Served Up: The Child Care Challenges of Restaurant Workers
By Liz Ben-Ishai, Christine Johnson-Staub, Jodie Levin-Epstein, and Hannah Matthews
The restaurant industry is tough. Low wages, unpredictable schedules, and long hours are hard enough. Add the stress of finding affordable, high-quality child care during the hours when restaurant employees need it, and working in the industry poses critical challenges to the well-being of the whole family. To enable restaurant workers who are parents to both care for their families and do their jobs effectively, we need stronger work supports and job quality policies like a higher minimum wage, expanded child care assistance, and earned sick leave. In a recent study, “The Third Shift” by the Restaurant Opportunities Center United (ROC), in partnership with CLASP and a number of other national organizations, researchers found that the high cost of child care, inadequate availability of child care assistance, and limited access to care during non-traditional hours are among the barriers to child care for restaurant workers. As a result of those barriers, the study found that women working in the restaurant industry are frequently under- and unemployed. The study includes surveys, focus groups, and interviews of restaurant workers with children.

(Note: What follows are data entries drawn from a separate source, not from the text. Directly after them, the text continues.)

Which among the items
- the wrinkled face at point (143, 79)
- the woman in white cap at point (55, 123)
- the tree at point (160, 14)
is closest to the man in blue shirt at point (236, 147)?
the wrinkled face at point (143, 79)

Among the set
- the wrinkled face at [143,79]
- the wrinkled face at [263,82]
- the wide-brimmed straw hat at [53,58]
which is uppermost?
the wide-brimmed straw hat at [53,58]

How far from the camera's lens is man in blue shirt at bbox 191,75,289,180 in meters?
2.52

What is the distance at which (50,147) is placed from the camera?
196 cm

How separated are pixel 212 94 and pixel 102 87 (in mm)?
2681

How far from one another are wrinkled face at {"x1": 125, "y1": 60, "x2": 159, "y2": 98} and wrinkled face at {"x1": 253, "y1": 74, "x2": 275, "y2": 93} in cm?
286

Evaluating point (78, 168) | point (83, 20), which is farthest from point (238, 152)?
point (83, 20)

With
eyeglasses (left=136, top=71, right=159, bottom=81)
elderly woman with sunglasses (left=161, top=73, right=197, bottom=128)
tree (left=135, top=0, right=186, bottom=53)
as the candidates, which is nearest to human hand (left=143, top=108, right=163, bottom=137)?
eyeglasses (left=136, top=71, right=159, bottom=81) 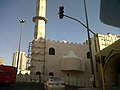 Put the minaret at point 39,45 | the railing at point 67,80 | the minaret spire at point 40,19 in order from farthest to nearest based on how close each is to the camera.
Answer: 1. the minaret spire at point 40,19
2. the minaret at point 39,45
3. the railing at point 67,80

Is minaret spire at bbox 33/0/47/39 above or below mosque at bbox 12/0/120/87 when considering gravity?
above

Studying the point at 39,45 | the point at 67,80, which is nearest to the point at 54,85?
the point at 67,80

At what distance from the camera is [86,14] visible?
1988cm

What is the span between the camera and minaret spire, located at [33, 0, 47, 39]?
40838 millimetres

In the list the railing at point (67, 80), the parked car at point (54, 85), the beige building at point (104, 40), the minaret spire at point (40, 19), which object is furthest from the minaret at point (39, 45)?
the parked car at point (54, 85)

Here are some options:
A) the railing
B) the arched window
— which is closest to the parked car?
the railing

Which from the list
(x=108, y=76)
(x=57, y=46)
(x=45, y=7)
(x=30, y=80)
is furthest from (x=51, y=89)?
(x=45, y=7)

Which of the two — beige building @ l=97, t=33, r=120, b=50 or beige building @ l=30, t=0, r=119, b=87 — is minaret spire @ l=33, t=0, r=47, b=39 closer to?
beige building @ l=30, t=0, r=119, b=87

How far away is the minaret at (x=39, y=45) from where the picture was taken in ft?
119

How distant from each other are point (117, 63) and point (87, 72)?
795cm

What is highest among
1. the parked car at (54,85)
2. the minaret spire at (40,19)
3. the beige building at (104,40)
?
the minaret spire at (40,19)

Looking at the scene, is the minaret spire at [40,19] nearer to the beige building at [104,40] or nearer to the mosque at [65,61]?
the mosque at [65,61]

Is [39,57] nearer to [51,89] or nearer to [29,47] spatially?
[29,47]

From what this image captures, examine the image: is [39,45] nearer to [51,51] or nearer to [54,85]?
[51,51]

“The Third Shift” also shows that work-family imbalance and lack of paid sick time are issues that compound the challenge of finding and keeping stable child care. Only nine percent of the workers ROC surveyed had paid sick days. And without paid sick days, parents in the restaurant industry are forced to choose between either sending a sick child to a caregiver or foregoing wages in order to stay home. Workers in the restaurant industry also often face erratic and unpredictable schedules, an industry trend that makes it difficult for them to make child care arrangements.

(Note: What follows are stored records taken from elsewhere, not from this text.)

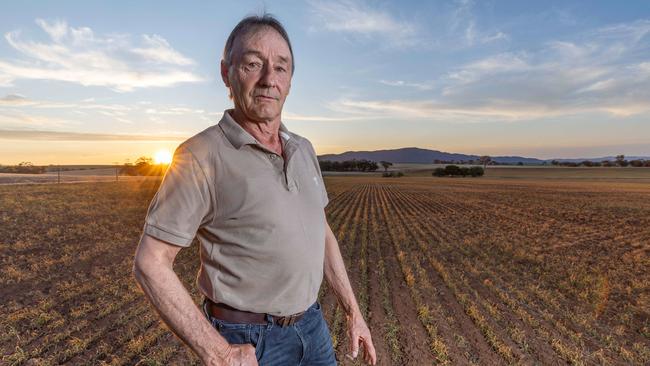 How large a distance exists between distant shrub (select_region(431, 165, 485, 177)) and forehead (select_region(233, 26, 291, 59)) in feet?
375

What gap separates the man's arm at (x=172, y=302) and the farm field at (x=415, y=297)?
4148 mm

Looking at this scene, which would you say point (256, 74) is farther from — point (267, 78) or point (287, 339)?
point (287, 339)

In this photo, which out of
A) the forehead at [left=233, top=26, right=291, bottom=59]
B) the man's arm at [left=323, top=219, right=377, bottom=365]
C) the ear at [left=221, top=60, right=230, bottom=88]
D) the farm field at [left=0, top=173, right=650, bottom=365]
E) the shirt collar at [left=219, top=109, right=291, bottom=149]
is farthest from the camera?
the farm field at [left=0, top=173, right=650, bottom=365]

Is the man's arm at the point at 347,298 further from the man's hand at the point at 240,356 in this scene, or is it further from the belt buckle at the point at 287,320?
the man's hand at the point at 240,356

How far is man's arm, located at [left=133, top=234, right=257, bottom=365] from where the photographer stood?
1261 mm

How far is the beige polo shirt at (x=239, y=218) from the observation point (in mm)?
1306

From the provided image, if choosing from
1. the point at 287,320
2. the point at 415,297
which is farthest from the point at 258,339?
the point at 415,297

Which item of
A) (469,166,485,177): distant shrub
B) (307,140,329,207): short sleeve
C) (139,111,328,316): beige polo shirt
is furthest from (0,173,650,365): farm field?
(469,166,485,177): distant shrub

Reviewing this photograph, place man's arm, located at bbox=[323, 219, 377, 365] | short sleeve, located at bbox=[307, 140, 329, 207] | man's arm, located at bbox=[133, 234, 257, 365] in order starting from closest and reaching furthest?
man's arm, located at bbox=[133, 234, 257, 365], short sleeve, located at bbox=[307, 140, 329, 207], man's arm, located at bbox=[323, 219, 377, 365]

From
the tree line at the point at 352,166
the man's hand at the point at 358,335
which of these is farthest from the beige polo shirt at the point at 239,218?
the tree line at the point at 352,166

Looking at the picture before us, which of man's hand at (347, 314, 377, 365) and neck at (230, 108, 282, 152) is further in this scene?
man's hand at (347, 314, 377, 365)

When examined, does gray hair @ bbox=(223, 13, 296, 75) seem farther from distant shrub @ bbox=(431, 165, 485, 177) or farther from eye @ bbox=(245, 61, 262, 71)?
distant shrub @ bbox=(431, 165, 485, 177)

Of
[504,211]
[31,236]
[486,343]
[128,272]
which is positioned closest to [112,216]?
[31,236]

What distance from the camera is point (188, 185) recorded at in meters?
1.31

In “The Third Shift” Teresa, a banquet service worker in Los Angeles, explains how erratic scheduling impacts her children’s care:
“I used to have a job that was on-call at hotels, usually on evenings; I used to have to leave [my children] with [my] sister. But sometimes I would get called in, and my sister was not available, so I would suddenly have to leave them with someone else and I never knew if they had been fed, showered.”
To increase access to child care and make it more affordable for restaurant workers, the ROC report recommends:
- Raising the minimum wage for both tipped and non-tipped workers
- Expanding access to child care assistance
- Increasing funding for child care that is offered during non-traditional hours and that is located close to home, including informal and license-exempt family, friend and neighbor care
- Establishing a minimum standard for earned sick days
In addition, the report recommends public policies that would provide workers with more control over work schedules, as well as supporting model employer practices such as stabilizing work schedules, providing employer-sponsored child care subsidies, and including earned sick leave in benefit packages.
Recent progress in some of these policy arenas may offer reasons to be hopeful. This year, Portland and New York City passed earned sick days laws, which will ensure that workers (including those employed in restaurants) don’t have to make the impossible choices between health and economic security that they now face. And in San Francisco and Vermont, new laws related to scheduling and workplace policies are in the works.
With more than ten million restaurant workers, over half of whom are women, it is critical that we move forward policies that support their employment and economic well-being – and that offer the children of restaurant workers access to high-quality care and early education.